“Ainda na véspera eram seis viventes, contando com o papagaio. Coitado, morrera na areia do rio (…) Resolvera de supetão aproveitá-lo como alimento e justificara-se declarando a si mesma que ele era mudo e inútil. Não podia
deixar de ser mudo. Ordinariamente a família falava pouco. E depois daquele desastre viviam todos calados, raramente soltavam palavras curtas. O louro aboiava, tangendo um gado inexistente, e latia arremedando a cachorra.”
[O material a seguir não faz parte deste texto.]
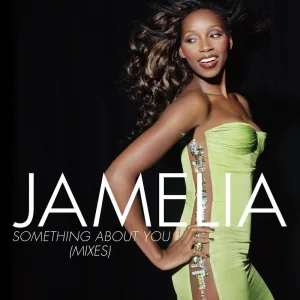 Something About You - Linus Loves Remix / Radio Edit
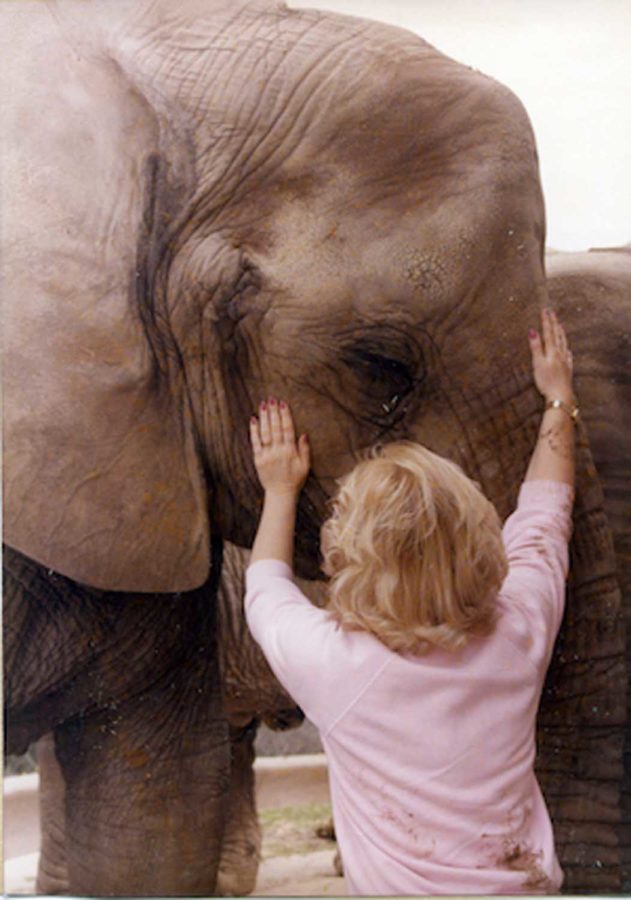 Samantha talks with the Elephant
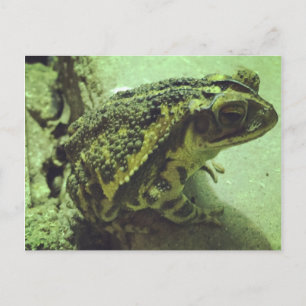 Toad Postkarte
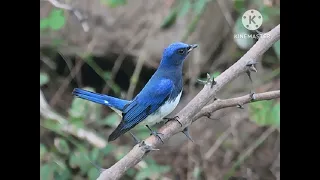 Suara pancing burung selendang biru masteran burung selendang biru suara burung selendang biru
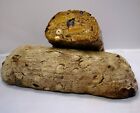 Natural Rye Bread European With Fruit & Nuts Whole Loaf 2.5lbs Unsliced Kosher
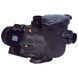 Насос Hayward Tristar SP32161 (220 В, 23.5 м3/год, 1.5 HP) 16442 фото 1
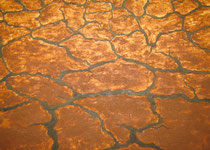 terra seca (terra vermelha/ oleo) 2010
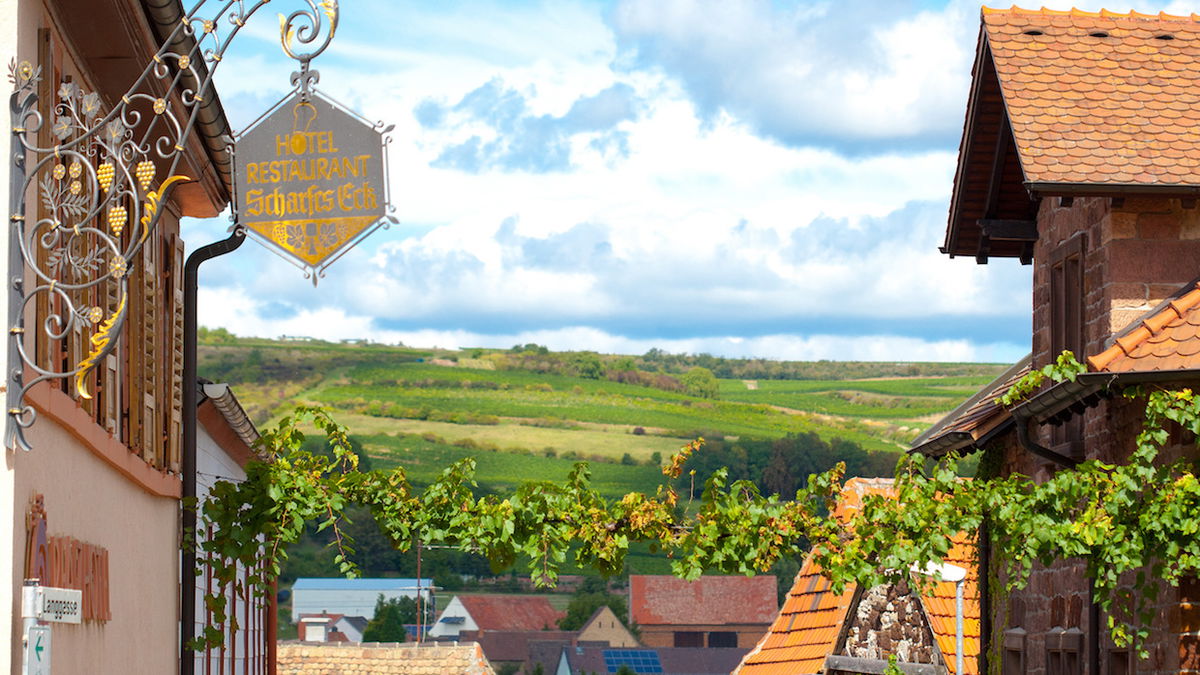 Wine wellness in spring: off to the Palatinate!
RAMOS, Graciliano. Vidas Secas. Pg 11.
Vidas Secas, sem dúvida um dos melhores livros já escritos, é um clássico e meu preferido da literatura brasileira. Conta a história de retirantes do polígono da seca nordestina e tem como personagens: Fabiano, o líder da família; sinha Vitória, a esposa de Fabiano de quem ele admira a inteligência; os filhos mais velho e mais novo; a Baleia, que é o personagem com sentimentos mais claros e humanizados, apesar de ser uma cadela; o Soldado Amarelo, homem que abusa de sua autoridade para humilhar e subjugar. A família no início da trama tem um papagaio e fala repetidamente sobre o Seu Tomás da Bolandeira. Também tem outros personagens menos destacados, como o patrão de Fabiano.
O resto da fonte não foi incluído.